Los fallos que más se notan en un trabajo A5
En formato A5, los defectos se ven antes porque el espacio es más compacto. Un margen mal calculado, una foto justita de resolución o una tipografía demasiado pequeña se notan enseguida. Es un formato agradecido, pero también exigente con la limpieza de la maqueta.
- Reducir desde A4 al final: parece práctico, pero suele dejar textos demasiado pequeños y desordenar la jerarquía.
- Olvidar el sangrado: si hay fondos a sangre y no añades margen extra, el corte puede dejar líneas blancas.
- Usar imágenes flojas de resolución: en un A5 fotográfico, cualquier imagen pobre se ve más de la cuenta.
- Meter demasiado texto: el formato no perdona bloques densos; hay que airear mejor la composición.
- Dejar las fuentes al límite: una tipografía pequeña puede funcionar en pantalla y fallar impresa, sobre todo si el papel absorbe mucho.
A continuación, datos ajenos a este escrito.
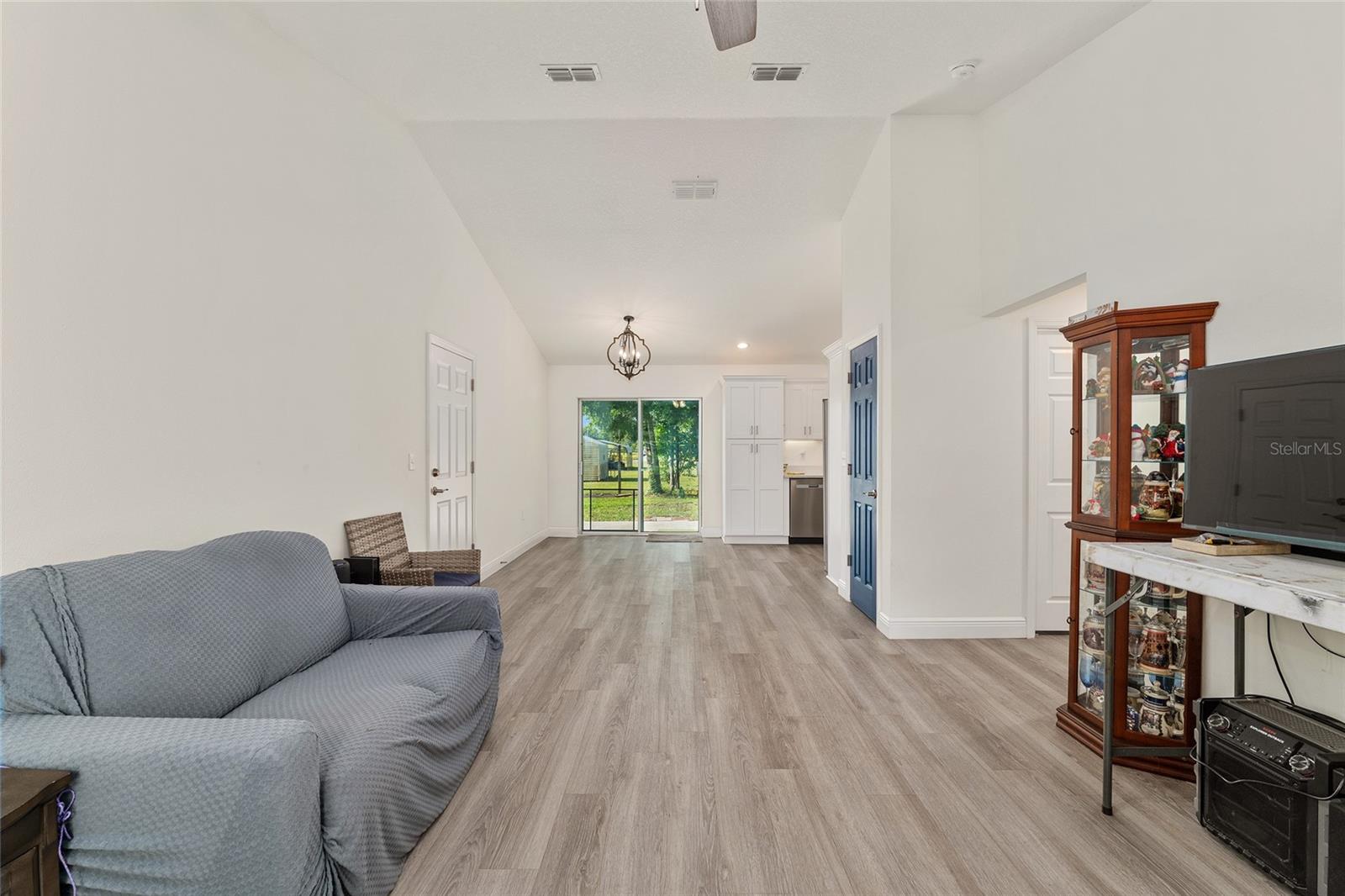 Image 9 of 43 For 7404 115th Street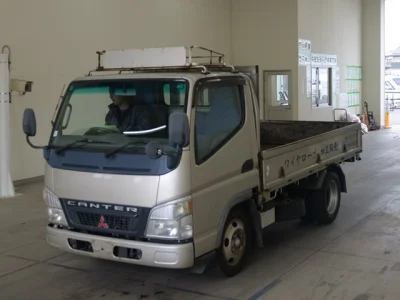 Mitsubishi Fuso Canter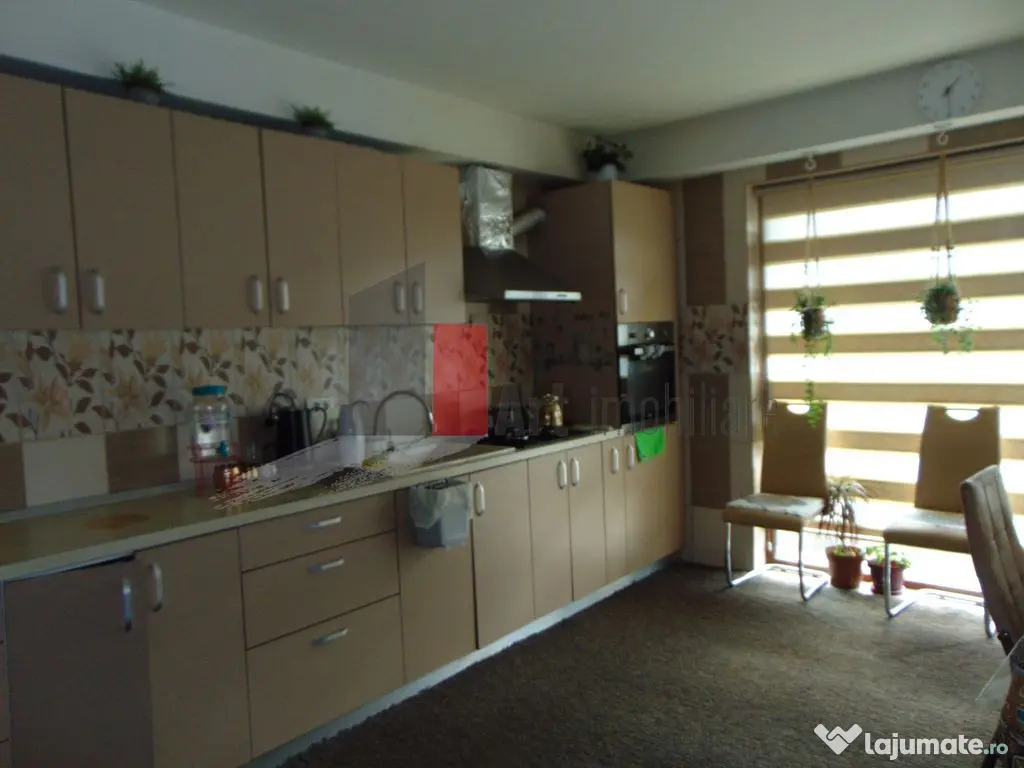 Vilă Premium 7 Camere – Finalizată 2023 | 274 mp Util...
- No pensar en el gramaje: en interiores suele funcionar bien un papel de 90 a 170 g/m², mientras que una portada pide más cuerpo, normalmente entre 250 y 300 g/m².
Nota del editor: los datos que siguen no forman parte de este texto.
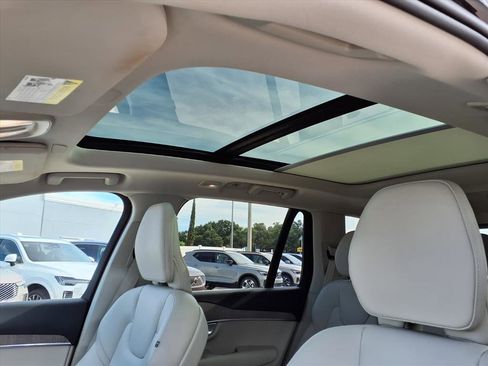 Certified 2024 Volvo XC90 B5 Plus image 24
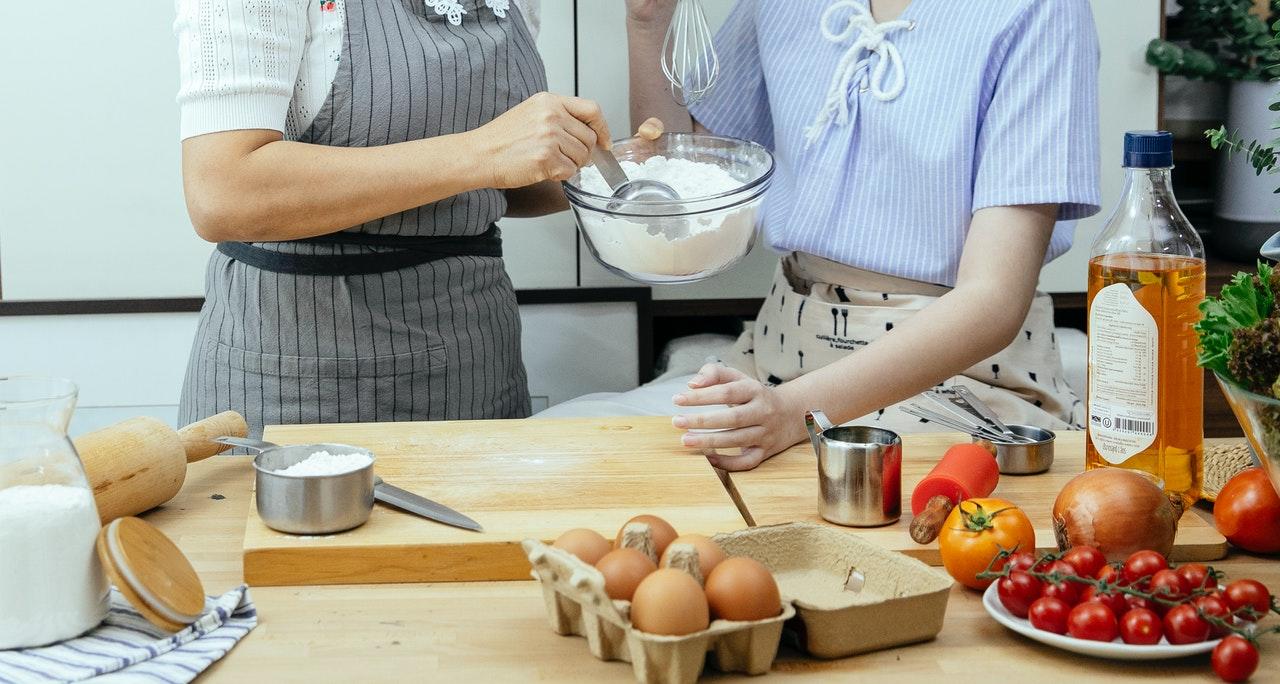 pessoas na cozinha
La idea no es complicarlo todo, sino evitar que el formato juegue en contra del contenido. A5 funciona muy bien cuando el diseño acepta sus límites y trabaja con ellos, no contra ellos. Y esa es justamente la última comprobación que yo no me saltaría antes de cerrar el trabajo.
La comprobación final que evita la mayoría de problemas
Antes de mandar un A5 a imprenta, yo haría una revisión corta pero estricta: tamaño real, sangrado, legibilidad, color y orden de páginas. Si el documento es un cuadernillo, añadiría una última comprobación sobre la imposición y el número total de páginas. Si es una pieza fotográfica, miraría también cómo respira la imagen sobre el papel elegido.
- ¿El archivo está realmente montado a 148 × 210 mm?
- ¿Hay 3 mm de sangrado si el diseño llega hasta el borde?
- ¿El texto se lee con comodidad sin acercarse demasiado?
- ¿Las imágenes conservan calidad al tamaño final?
- ¿El PDF sale con fuentes incrustadas y color preparado para impresión?
- ¿El papel elegido acompaña el uso real de la pieza, no solo su aspecto?
Si dejas resueltas esas seis cosas, el A5 suele responder muy bien: es un formato limpio, versátil y bastante agradecido con el contenido bien editado. Para papelería, edición breve y piezas visuales con intención, sigue siendo una de las opciones más inteligentes que se pueden llevar a imprenta.